Daniel's comments
(member since Jun 20, 2008)
Daniel's comments from the Banned Books group.
(showing 1-4 of 4)
I think Lolita is a great discussion-starting book, because people who have never read it often express their surprise at how the sexuality is almost completely absent from the book - beyond tone and implication - and find it to be rather funny. And Catcher in the Rye is a must-add ...
NO, don't take any away - in fact, add some if anything. I hate this trend of lowering standards to make numbers look better ... it doesn't make us a more informed society. I think much of the secret to getting kids turned on to some of these books is in how it is taught ... I remember I had teacher that made us watch Star Wars while we read the Odyssey and we discussed the parallels - and it was great because so many other students participated. Another instance I can think of is trying to help my younger brother get through Romeo and Juliet, being taught by his give-the-same-list-of-facts-every-year-and-make-sure-they-know-the-plot, very boring high school teacher ... I just used small, stupid things to engage him (like showing him how SO much of Romeo and Juliet is just very old d*ck jokes), and it worked so much better than the kind of bland, this-is-a-classic-so-you-should-read-it teaching many kids suffer through.
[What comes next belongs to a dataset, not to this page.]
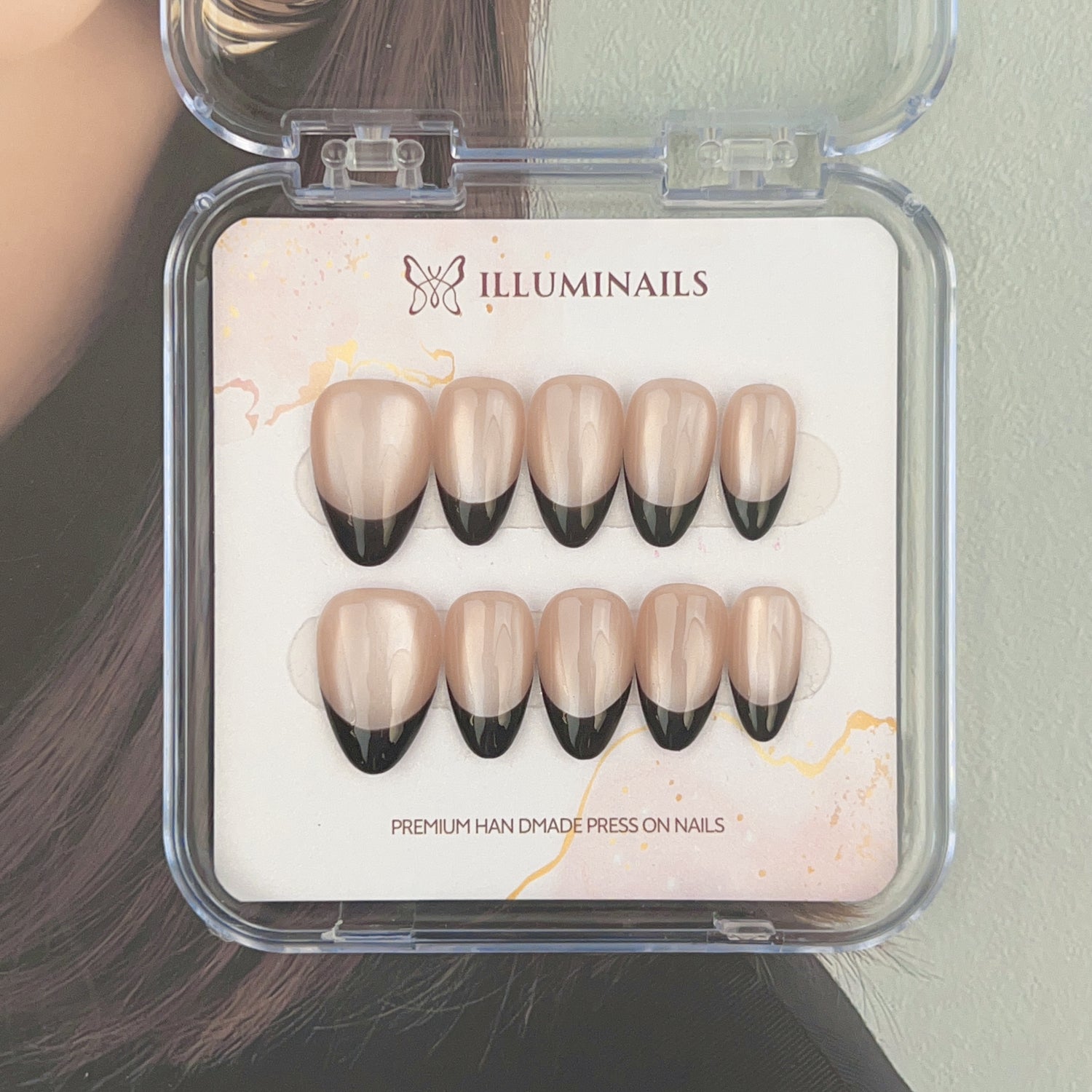 Black French Cat Eye press-on nails with nude bases and magnetic black tips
Looking back, I feel fortunate to have read so many books in grade/high school - even ones I might still find boring. I think this is the case because so many of the "classics" or great books have their importance beyond the book itself - often they are more like representatives of enormous social change and/or tensions of their time, brought to life and demonstrating that social climate so much more vividly than most other things can.
Just because someone asked: the book in question was a book by a local preacher. A local patron wanted it removed from the library, was refused, then complained. After this, Palin asked about how the librarian would respond to removing books, and there was never any challenge made on the book. I get the impression this "inquiry" was a confrontational butting of heads by two very willed women; furthermore, it looks more like Palin was simply hoping the librarian would remove the book to please the initial patron who was complaining. She got turned down, then got overzealous and tried to have the librarian dismissed. Good for the librarian who wouldn't back down.
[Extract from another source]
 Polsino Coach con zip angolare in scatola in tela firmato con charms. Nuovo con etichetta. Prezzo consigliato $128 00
First, bad form on the part of Palin for trying to flex her muscle on the librarian, and for wanting to just "wish" a book out of the library to please someone. But just to be clear, it wasn't Palin hunting down and trying to ban books out of her own self-righteousness or moral imperative - it was responding to someone else's. But she should know better than to enable it.
Just to clarify, because I'm neurotic sometimes, Silverstein wasn't THE original cartoonist for Playboy, he was ONE of several, some who came before him (most notably Jack Cole, also known for Plastic Man).